Directed by Lloyd Bacon
It Happens Every Spring is the type of sentiment with which I can easily relate, as with every entrance of the spring season comes the hopes and dreams of a ball club and its fan base. For me it’s the Cincinnati Reds, and some years I catch the fever a little more than other (I may be an optimist, but when the team is bad, the team is bad). I also still play in a wood bat league which is competitive with mostly former high school players, but with some former college and minor leaguers. My weekday afternoons at work are spent with baseball in my headphones (when there are day games), so when professor Vernon Simpson reaches down to turn on his spring fever by switching the St. Louis game on in the middle of a lecture, I can relate.

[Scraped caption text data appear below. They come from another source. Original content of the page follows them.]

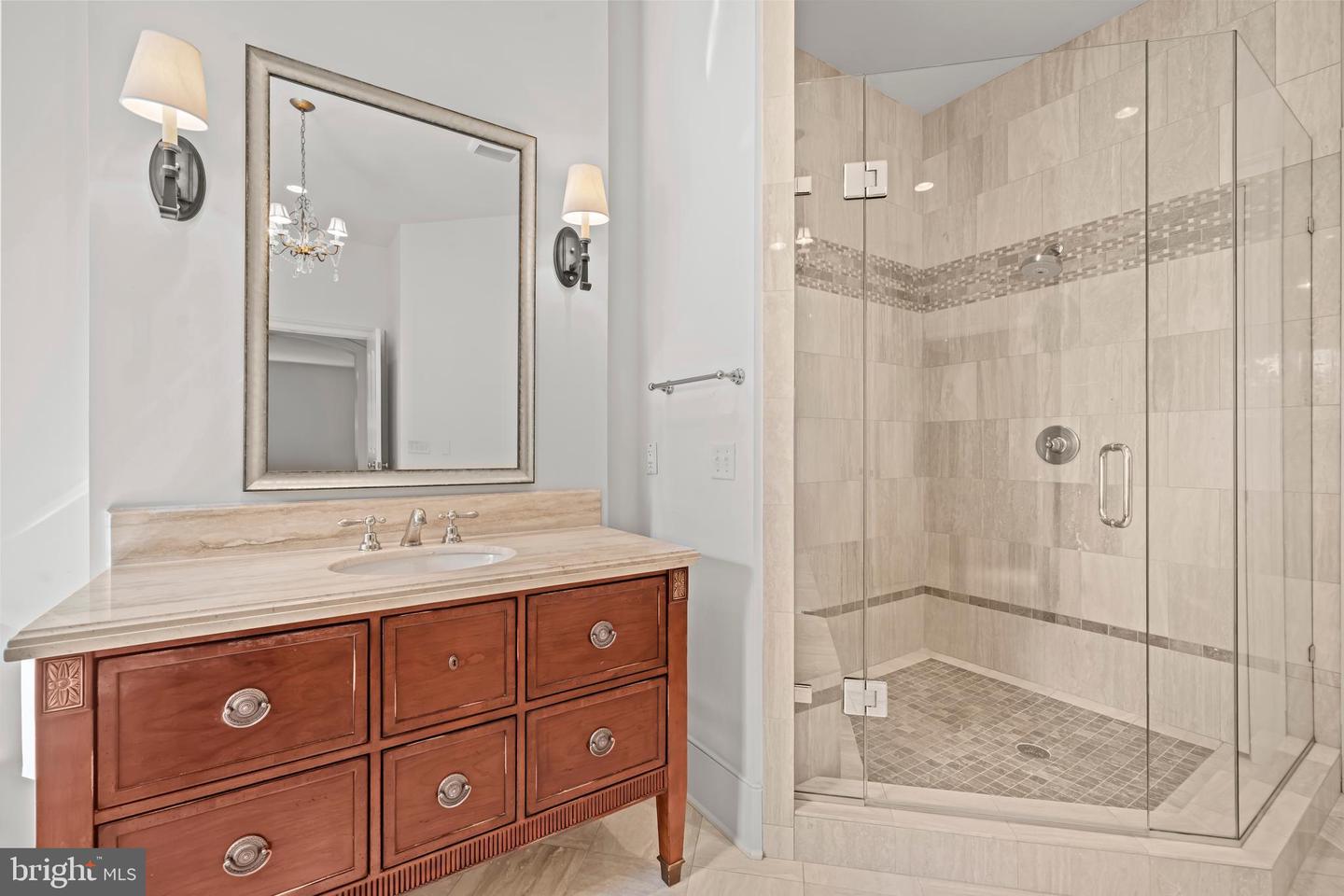 4801 29TH ST N, ARLINGTON, Virginia 22207, 5 Bedrooms Bedrooms, ,4 BathroomsBathrooms,Residential,For sale,4801 29TH ST N,VAAR2064038 MLS # VAAR2064038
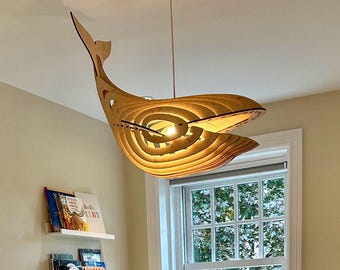 Lampenschirm in Walform. Deckenleuchter aus Holz. Hängendes Wallicht. Selbstmontage Lampe. Kinderzimmerbeleuchtung. Wal Geschenk. Bastelset Lampenfische.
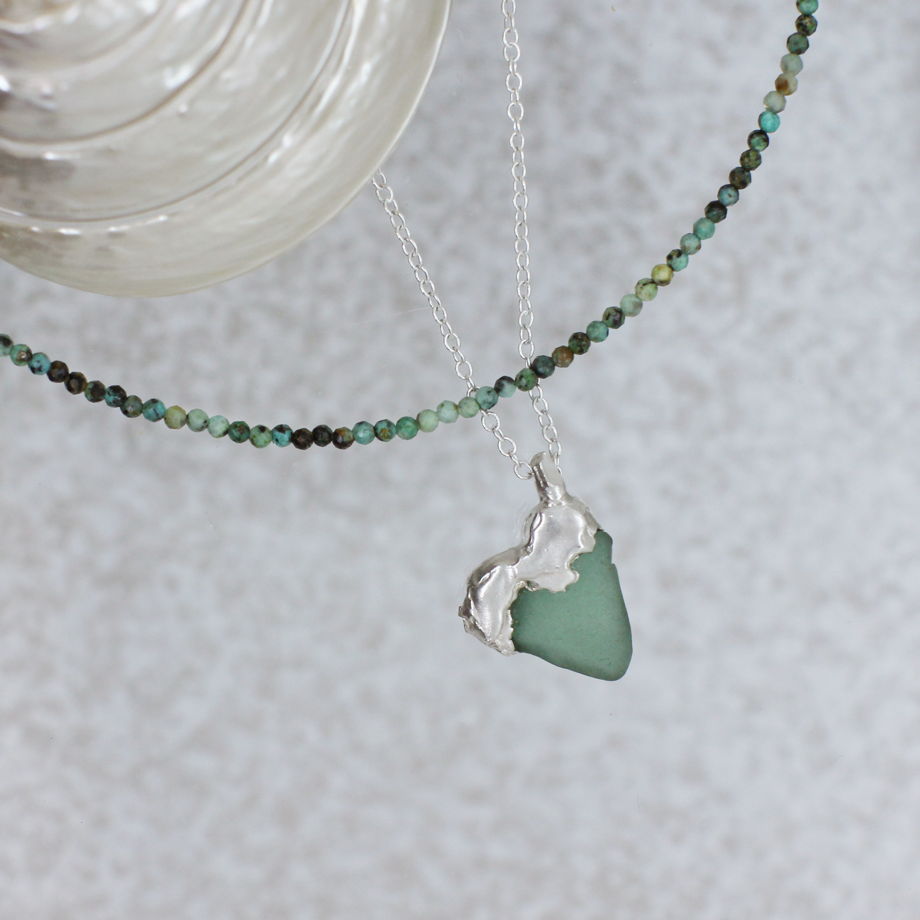 Сет: ожерелье из хризоколлы и кулон с морским стеклом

Vernon, played by Ray Milland, is a somewhat eccentric young man, Chemistry professor, who is obsessed with the game of baseball. From October through March, Vernon is a brilliant mind, but from April through September, Vernon’s focus begins daydreaming baseball and his work suffers as a result. His new dame, because there’s always a dame, is Deborah Greenleaf (Jean Peters), the daughter of the college dean, who inquires about his daughter’s new beau. During a breakthrough in his experiment, Vernon’s life work is ruined by a baseball crashing through the window and wrecking his chemistry set, but the result is the discovery of an unknown substance that is wood repellant. This chance discovery sparks Vernon’s new career, as Major League pitcher King Kelly as he leads the St. Louis baseball team to the pennant.
There is, of course, the obvious twist somewhat later on in the film (to be vague enough to not completely spoil it), but the operative word being obvious. Much of this film plays out as juvenile and hokey, definitely hokey. The concept by itself, in the context of 1949, is cute enough, but Lloyd Bacon and screenwriter Valentine Davies do very little past the wood repellant idea to infuse anything of note into the film. From a current day perspective, it is difficult to take the film even at a comedic level. In an era of performance enhancers, controversy and tainted records, the notion of a substance gaining an edge for “King Kelly” feels lewd and wrong on multiple levels. For this reason, the premise proves to be a weakness to the film in 2015.
With the premise as a weakness, there isn’t much else to stand on. Paul Douglas attempts to save the film as the kooky sidekick catcher Monk, but ultimately It Happens Every Spring is built on too thin of a plot, with too little in the way of romance between Vernon and Deborah, too little conflict built between Vernon and Mr. Greenleaf, and not enough of the unexpected from the baseball storyline to merit recommendation. The performances don’t turn me off of the film, but the warm celebration of a cheater at the end of the film, and a concept reminiscent of Flubber all but stick a fork in this baseball film. Perhaps I just wasn’t in the mood for this film’s style of “fun”.